'''

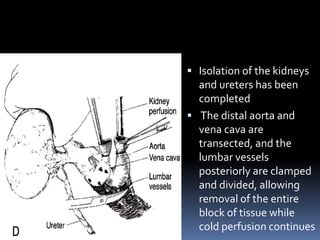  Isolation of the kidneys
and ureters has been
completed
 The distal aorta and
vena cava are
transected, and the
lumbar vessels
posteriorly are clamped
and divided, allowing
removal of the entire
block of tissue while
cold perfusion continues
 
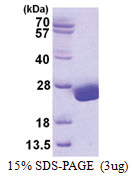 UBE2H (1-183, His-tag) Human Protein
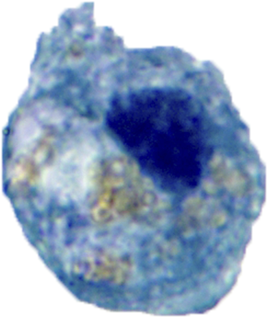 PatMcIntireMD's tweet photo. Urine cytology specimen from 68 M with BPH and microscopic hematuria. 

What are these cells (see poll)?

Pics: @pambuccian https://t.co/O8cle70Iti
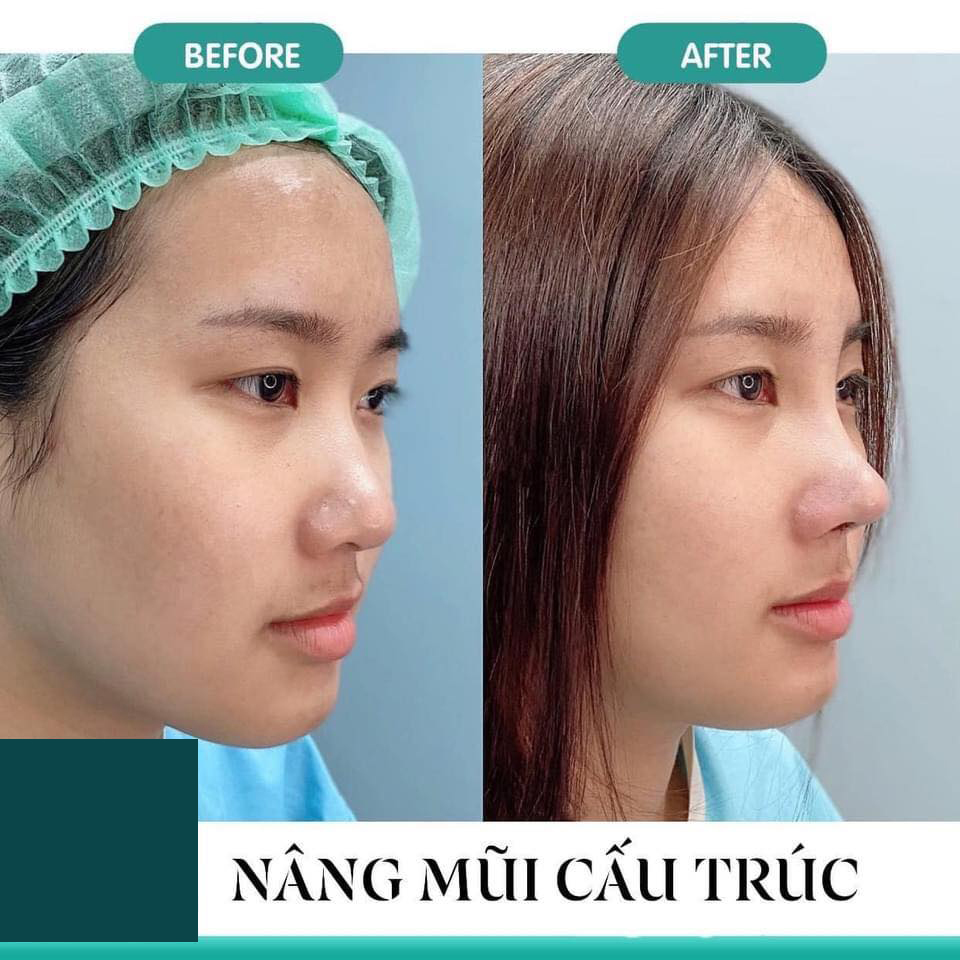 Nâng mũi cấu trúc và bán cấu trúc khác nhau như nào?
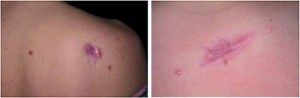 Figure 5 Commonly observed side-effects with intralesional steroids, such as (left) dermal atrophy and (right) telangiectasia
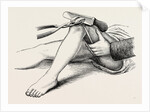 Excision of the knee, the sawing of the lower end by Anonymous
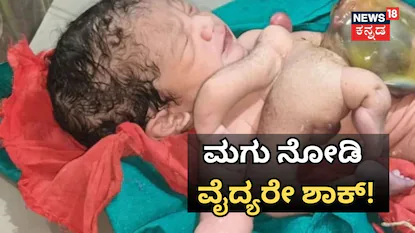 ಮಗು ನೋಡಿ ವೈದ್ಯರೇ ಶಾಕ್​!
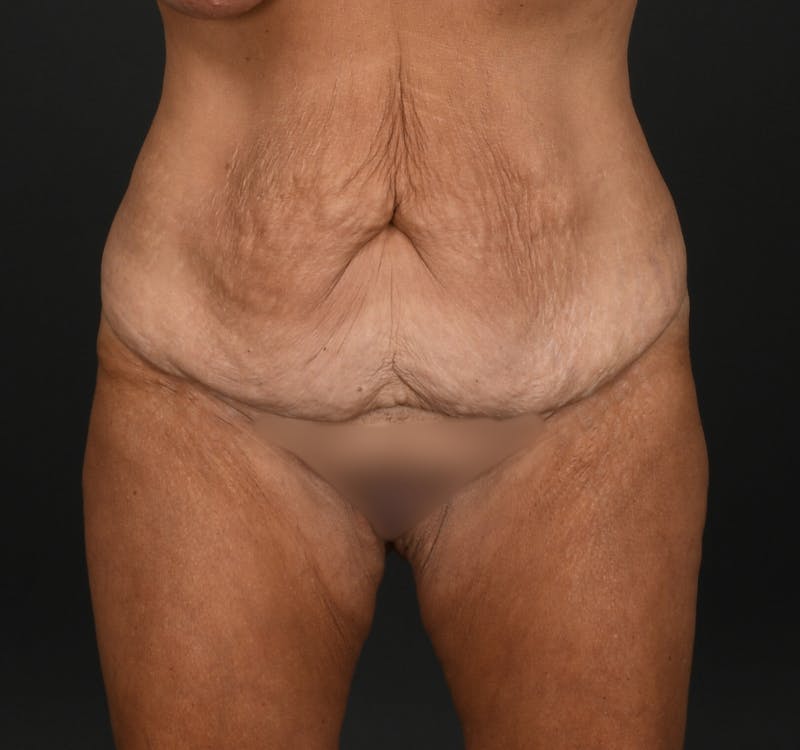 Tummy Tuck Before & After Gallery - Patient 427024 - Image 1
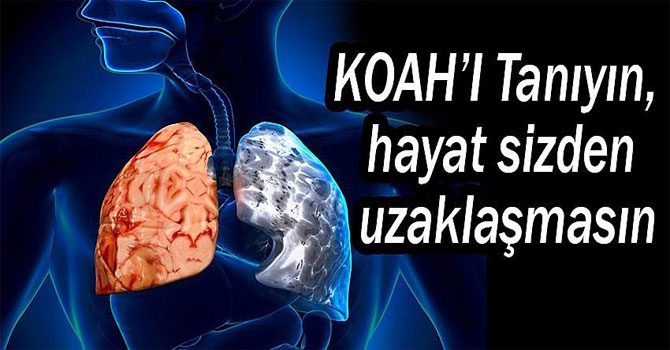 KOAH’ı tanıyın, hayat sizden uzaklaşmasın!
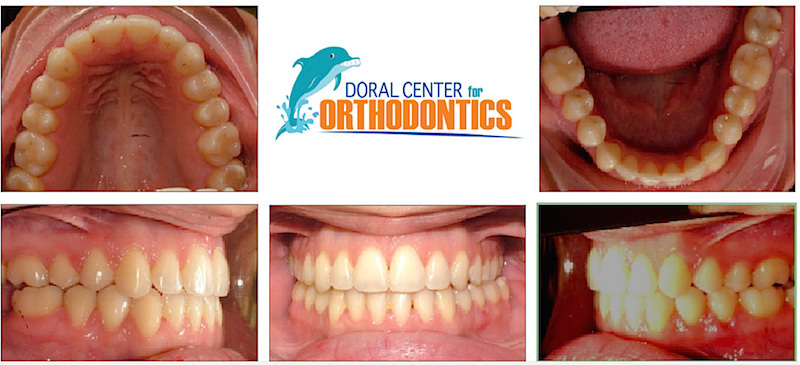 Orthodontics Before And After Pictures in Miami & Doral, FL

'''

[WHAT YOU ARE ASKED TO DO]
Word for word, repeat only the lines from the line containing "Nâng mũi cấu" through the end of the data, without any pictures.

[EXERCISE ANSWER]
 Nâng mũi cấu trúc và bán cấu trúc khác nhau như nào?
 Figure 5 Commonly observed side-effects with intralesional steroids, such as (left) dermal atrophy and (right) telangiectasia
 Excision of the knee, the sawing of the lower end by Anonymous
 ಮಗು ನೋಡಿ ವೈದ್ಯರೇ ಶಾಕ್​!
 Tummy Tuck Before & After Gallery - Patient 427024 - Image 1
 KOAH’ı tanıyın, hayat sizden uzaklaşmasın!
 Orthodontics Before And After Pictures in Miami & Doral, FL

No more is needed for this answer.